(Data records)
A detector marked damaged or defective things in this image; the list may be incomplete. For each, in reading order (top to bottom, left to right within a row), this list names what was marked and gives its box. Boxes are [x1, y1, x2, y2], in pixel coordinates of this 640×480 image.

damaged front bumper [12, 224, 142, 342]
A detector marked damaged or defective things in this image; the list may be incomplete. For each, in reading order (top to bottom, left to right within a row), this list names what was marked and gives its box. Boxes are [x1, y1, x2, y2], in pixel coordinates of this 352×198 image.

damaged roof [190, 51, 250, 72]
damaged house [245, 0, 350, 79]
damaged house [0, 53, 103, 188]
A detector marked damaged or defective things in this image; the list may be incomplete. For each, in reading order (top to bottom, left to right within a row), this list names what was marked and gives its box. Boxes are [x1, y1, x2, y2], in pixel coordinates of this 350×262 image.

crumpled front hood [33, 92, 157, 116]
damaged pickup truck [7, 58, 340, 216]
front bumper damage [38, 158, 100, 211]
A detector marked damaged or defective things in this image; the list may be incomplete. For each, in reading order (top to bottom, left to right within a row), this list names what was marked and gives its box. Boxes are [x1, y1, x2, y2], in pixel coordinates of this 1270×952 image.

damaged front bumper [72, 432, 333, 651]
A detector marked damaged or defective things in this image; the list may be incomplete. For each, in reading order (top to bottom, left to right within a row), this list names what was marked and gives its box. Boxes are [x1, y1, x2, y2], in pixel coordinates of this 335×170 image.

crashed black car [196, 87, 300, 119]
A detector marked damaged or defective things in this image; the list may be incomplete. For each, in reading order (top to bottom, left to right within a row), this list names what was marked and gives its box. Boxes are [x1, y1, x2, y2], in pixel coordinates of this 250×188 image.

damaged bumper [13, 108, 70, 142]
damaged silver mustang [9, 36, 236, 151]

■ Required work:
Locate the line that contains "this 250×188 image.", then please quote it and every line after it to the end of the entries above, exactly and with nothing else.

■ Output for this exercise:
A detector marked damaged or defective things in this image; the list may be incomplete. For each, in reading order (top to bottom, left to right within a row), this list names what was marked and gives its box. Boxes are [x1, y1, x2, y2], in pixel coordinates of this 250×188 image.

damaged bumper [13, 108, 70, 142]
damaged silver mustang [9, 36, 236, 151]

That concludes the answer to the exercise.